On reading ur reply YayGollum i guess u didnt read LOTR where they fight evil dwarves. Also id like to add elves never turned bad on account of like magic or nethin only through oaths i.e. the oath of fëanor and through torture n stuff by morgoth i.e when they turn into orcs/Goblins

Jiff


----------



## Maeglin (Oct 4, 2002)

Tom Bombadil-nothing could make him evil, and he couldn't care less about a ring, he would just throw it away, but if he decided to he could wield it and use it for good.
Gollum-he spent all those hundreds of years with the ring and never turned completely to evil, now that takes some will power.
Ents-someone evil is bound to cut down a tree, and that would get them ****ed, no chance of them being evil.
Maiar-well we already know of 2 that turned bad, and Saruman was close enough to being a Maiar, so we could say 3.
Dwarves-there just so damn resistant and strong.
Elves-they got turned into evil orcs, and yes you could say thats because they were tortured, but what about Maeglin and his dad? That had nothing to do with Feanor either.
Nasssty Hobbitses- I'm puttin them here cause most of them would do anything to save their own skin, they don't care about anything else but themselve's, food, and beer.
Men-what a bunch of losers, all they want is power, and they were too weak to destroy the ring.


----------



## YayGollum (Oct 4, 2002)

Ummm...yes, I read LOTR. Why else would I like Gollum so much? oh well. What part of LOTR are you talking about anyways? Evil Dwarves? Am I missing a section?


----------



## Ynhockey (Oct 5, 2002)

Although many will probably disagree, I'd say Hobbits are the worst, save dragons. Sure, Frodo, Bilbo, Sam, etc. all resisted the ring, while people like Boromir couldn't, it was because Frodo was warned by Gandalf - a person Frodo considered to be like a God - same goes for Sam, etc... men, though, aren't so bad. Boromir was warned against the ring, but he could not imagine its pure evil and besides, the only influential enough person to affect Boromir would be his father Denethor... who also wanted the Ring. Elves, Dwarves and Ents are almost immune to evil (a few exceptions, but mainly), Maiar don't even belong, because they are the only ones who have actually SEEN creation and destruction (the first Melkor vs. all wars when he destroyed the lights), so some of them who want power would join Melkor - has nothing to do with good or evil. So my list would be:

Ainur
=========
Dwarves
Ents
Elves
Men
Hobbits


Dwarves are above all else, because they were created especially to resist the evil or Melkor (and thus, Sauron too), and all the bad dwarves turned 'bad' because of their lust for gold. Please correct me if I'm wrong, but there was never a dwarf who server Melkor/Sauron... Ents are above Elves, because we've seen that Elves CAN become evil, while Ents can only become bad, like the dwarves (not evil).

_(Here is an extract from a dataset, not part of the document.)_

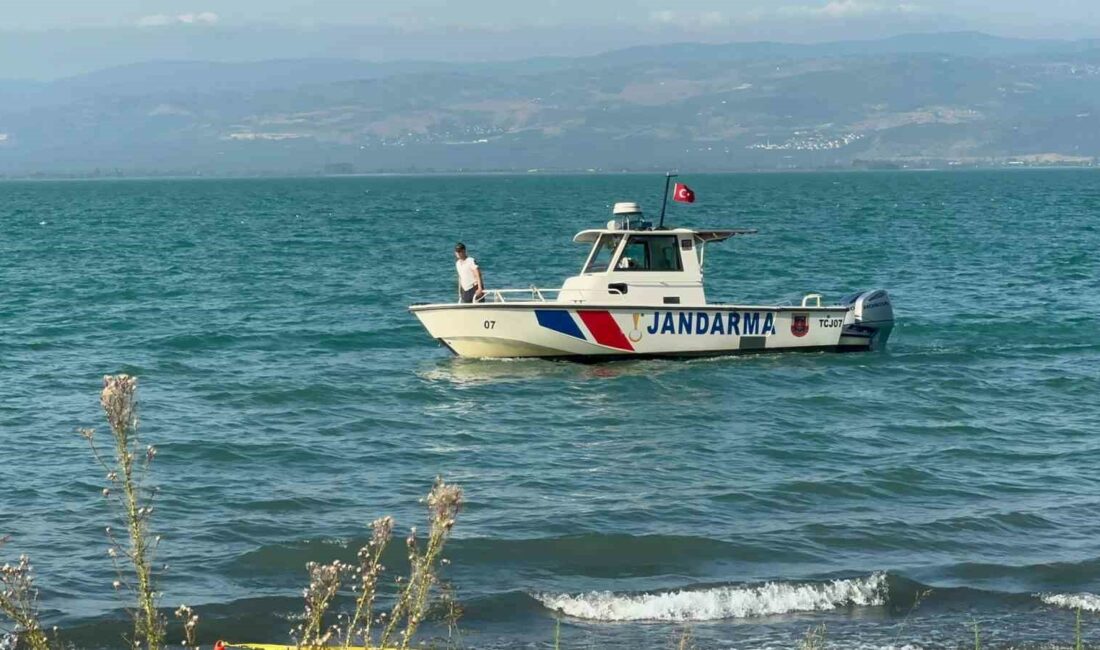 Bursa’da İznik Gölü’ne serinlemek için giren 8 yaşındaki çocuk hayatını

In case I've been unclear, my definition of evil in Tolkien's world is a power/willingness to destroy everything, regardless of what it is, in order to ultimately gain control over Arda. In other words, evil is Melkor, Sauron and those who have served them.


----------



## YayGollum (Oct 5, 2002)

Yay for Ynhockey! I couldn't have said it better!


----------



## Celebthôl (Oct 7, 2002)

Yes yaygollum there were evil dwarves i think they fought at erebor against the lke town and dale and the lonley mountain! they are only breifly mensioned it says that they were taken out of the east and corrupted by sauron
Celeb


----------



## YayGollum (Oct 7, 2002)

Sounds cool! Got a quote? I've never seen that part.


----------



## Celebthôl (Oct 7, 2002)

it may take a few days to get the answer as there is no clear name for them in the appendix's but i'll try to get it as soon asap


----------



## Uminya (Oct 7, 2002)

It is said in the Hobbit that there were some alliances between the orcs and dwarves in very, very rare cases, and elsewhere it is mentioned that a few paid homage to the Dark Lord.

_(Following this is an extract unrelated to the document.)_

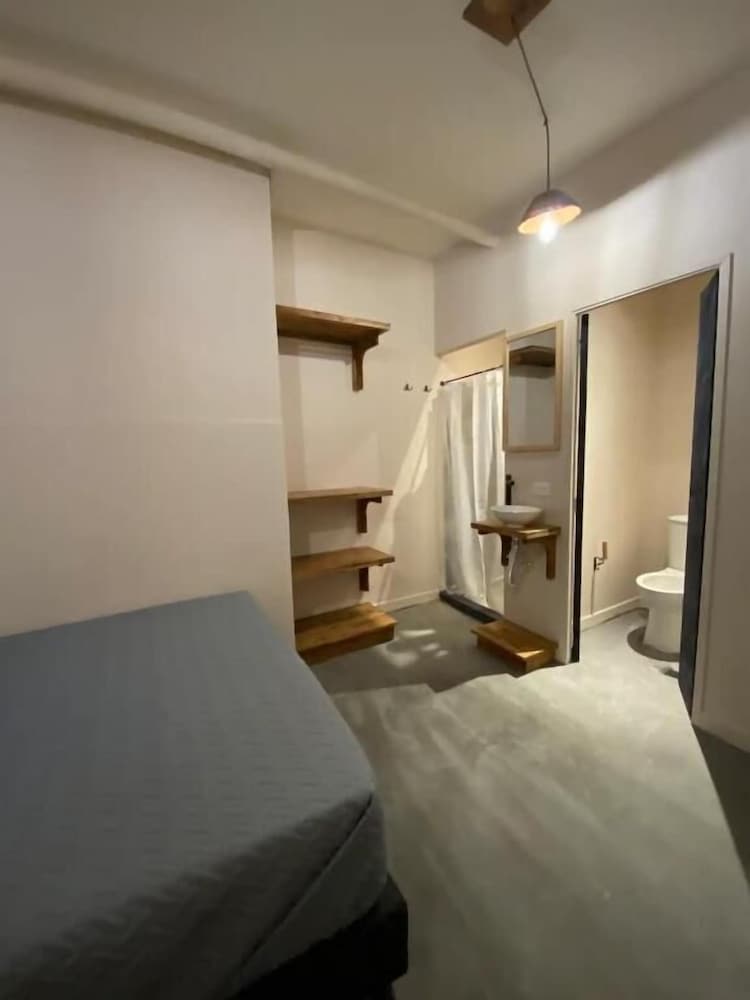 Basic Room, 1 Double Bed, Ensuite photo 2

They are greedy, besides that, and is greed not the root of all evil?


----------



## YayGollum (Oct 7, 2002)

Well, for the first thing you said, I'd call that looking out for number one, not evil. Yes, greed is said to be the root of all evil. Who came up with that saying? Humans. Thank you. Was it ever mentioned in LOTR? I doubt it. I conclude that the notion of greed being the root of all evil is just crazy talk. Well, obviously, if The Sil. says that Dwarves were specifically made to resist evil, and we definitely know that Dwarves are greedy! Am I right? Of course!


----------



## Morgaphry (Oct 7, 2002)

*The Elves*

In the appendices of LOTR it says that in the War of the Ring in the Second age, it says that people of all the races fought on both sides for good and evil, except for the Elves who were all united under Gil-Galad

Morgaphry


----------



## YayGollum (Oct 7, 2002)

Right. I'm just saying that when the Dwarves are helping out evil, they're just doing it to help themselves. Not because they're having fun. oh well.


----------



## TheDarkElf (Oct 14, 2002)

> _Originally posted by Glorfindel1187 _
> *Tom Bombadil-nothing could make him evil, and he couldn't care less about a ring, he would just throw it away, but if he decided to he could wield it and use it for good.
> *



I disagree. Bombadil may be a power greater then most, but he could not wield the ring for good. He was above the ring, it's power would not affect him. Therefore IMO two things would happen:

1) Just like when he put the ring on, nothing would happen. He had no hold over the ring, and it had no hold over him, so he could not wield it.

or

2) He would use it for good, but everything he did would turn to evil, just like if Gandalf or Galadrial used it. Even if he had the intention of good, it would corrupt him because the ring itself is evil, and it has only one master, Sauron.


----------



## Ragnarok (Oct 15, 2002)

1. Tom - I know, he's not a race, but he's just so darn humble and non-evil.
2. Ents - Name one thing an ent did wrong.
3. Hobbits - They were all nice.
4. Elves - Not too many bad elves, just mean, immoral and selfish ::cough Feanor cough::. 
5. Dwarves - I dunno, they just seem rude sometimes.
6. Maiar - Need I remind you of Balrogs?
7. Men - Numenor, Umbar, Easterlings, Nazgul. Enough said.


----------



## Lord Tuor (Oct 16, 2002)

1 - tom 
2 - ents
3 - dwarves
4 - hobbits
5 - elves
6 - humans

It is human nature to be corrupt + it says in LOTR that men are greedy for power. Also just look at the Nazgul and Easterlings they are obviously evil


----------



## Thomas Baggins (Oct 16, 2002)

This is the order I think they should go in
elves
maiar
ents
dwarves
eagles
hobbits 
men
Arovorn


----------



## Éomond (Oct 16, 2002)

Ents
Hobbs
Elves
Dwarves
Men

Ent's would resist the most I think, I mean, just look at 'em! They don't want power. They really like to keep to themselves. 
Tom??? Well, he's part Man, right? So he mite be in the middle of my list.


----------



## aDaHe (Oct 16, 2002)

ents
elves
hobbits
dwarves
men


again i think that people like tom B. and even gandalf were in there essence immune to the power of the ring. while tom was abouve it gandalfs will was abouve its power to corrupt. maiar i do not know so i will not rank them.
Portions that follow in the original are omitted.